Nello zapping  frenetico e angoscioso di questo fine settimana pensavamo di averle viste tutte. Poi ci siamo imbattuti in Rubini e Bentivoglio che leggono brani dal “Passagenwerk” di Walter Benjamin. Fazio che dice “luogo della flânerie per eccellenza”, strizzando l’occhiolino allo spettatore con il dottorato in Letteratura e autorizzando tutti gli altri a buttarsi su Salvini, in collegamento da Vespa su RaiUno. Di là si sciorinavano i numeri del ministero degli Interni, di qua si leggeva Hemingway. Parigi festa mobile, Parigi oh cara. Incorniciati nel prologo del ministro Gentiloni, sfilano il direttore dell’École normale supérieure, Marc Mezard, il corrispondente di Libération, Eric Jozsef, Marc Augé, Paolo Giordano, Geppi Cucciari. L’hashtag è #paroleperparigi. Ogni ospite ne sceglie una. “Paolo cosa hai pensato in queste ore?”; “I luoghi, il tempio, l’idea di tempio, il dramma dei luoghi, i riti, ho visto la serie di Fibonacci scritta su un muro di Parigi”. I luoghi? C’è Marc Augé, ci pensa lui. “La parola che ho scelto è bistrot», dice Augé, “perché il bistrot è un simbolo di libertà”. Nessuno in studio rischia il domandone: “Scusi, il bistrot è un non-luogo oppure no? E Starbucks?”. Non c’è tempo.

 

In collegamento da Cosenza c’è il Professor Nuccio Ordine che parla di Giordano Bruno. Sembra un filo fuori tema, ma ci sta. La tolleranza, l’Europa, i muri da abbattere, le frontiere da aprire, «ma scusi Professore lei sta leggendo?”, lo interrompe improvvisamente Fazio; “no, no… tengo lo sguardo basso per via del riflettore… però, vorrei concludere leggendo un pensiero di Montesquieu”; “prego, prego”. C’è il momento musicale. “Una canzone che tutti conosciamo a memoria”, dice Fazio presentando Simona Molinari. Lei attacca “Et maintenant” di Gilbert Bécaud. Chi non l’ha cantata almeno una volta nella vita? Se non la conoscete siete dell’Isis o votate Salvini o state guardando Vespa. “Imagine” davanti al Bataclan va bene, ma qui si fa sul serio. Il ceto-medio riflessivo cerca le parole e le canzoni giuste.

 

[**Video_box_2**]Alla fine tocca a Gramellini. “Avevo scelto ‘silenzio’ perché siamo nella fase dell’indicibile ma ho cambiato, scelgo ‘coraggio’”. E’ fermo, deciso, risoluto, molto sudato. Il Gramellini offeso dalla visione di “The wolf of Wall Street” è un lontano ricordo.

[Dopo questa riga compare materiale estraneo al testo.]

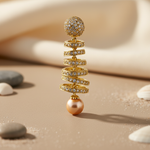 Load image into Gallery viewer, gold plating Pearl Spiral Dangle Earrings | Women's Jewelry Gift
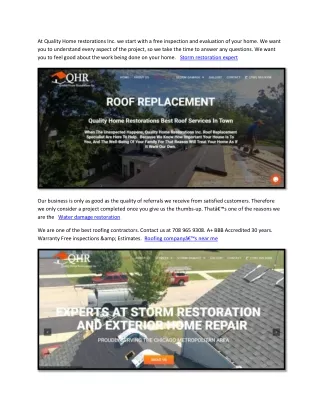 at quality home restorations inc we start with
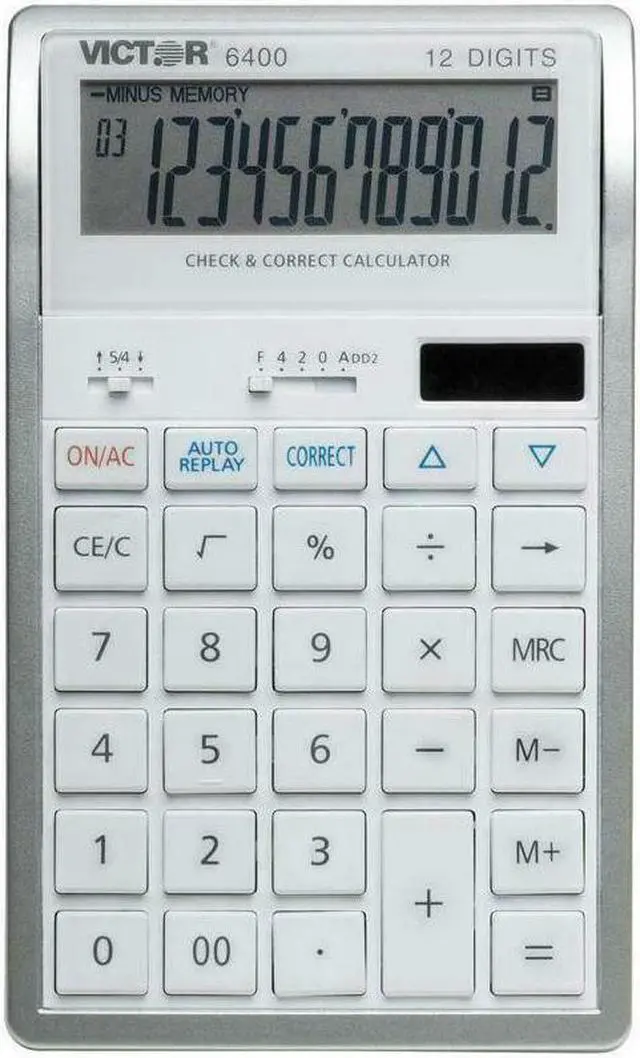 Alt view image 13 of 20 - Victor 6400 Professional Desktop Calculator with Auto Replay, Check & Correct
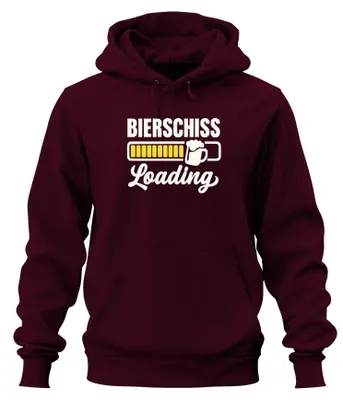 Produktbild von Bierschiss Loading  Bier Party Geschenk JGA Hoodie Kapuzenpullover, Burgundy, XXL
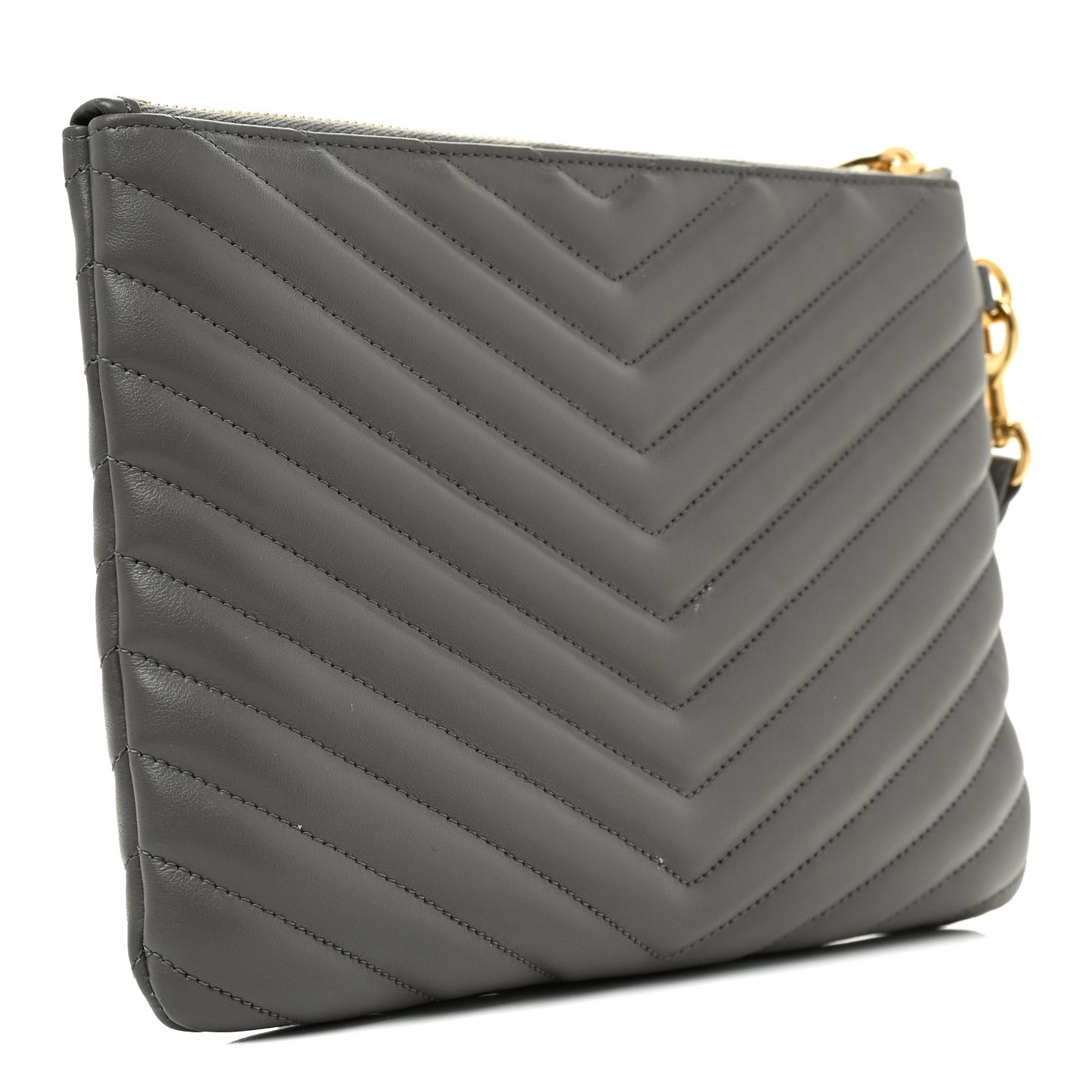 Calfskin Matelasse Chevron Monogram A5 Wristlet Earth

Prende coraggio, si rivolge all’Isis e dice: “Siete degli stronzi”. Così ci piace. Due dita di pancia-del-paese, che diamine. “Bravo!”, anzi, bravò, gli fa eco Fazio, prima di lasciare l'ultima parola a “Gli Aristogatti”, che fa un po’ alleggerimento, un po’ “festa di perversione”, come direbbe l’Isis, perché “tutti quanti vogliono fare il jazz”.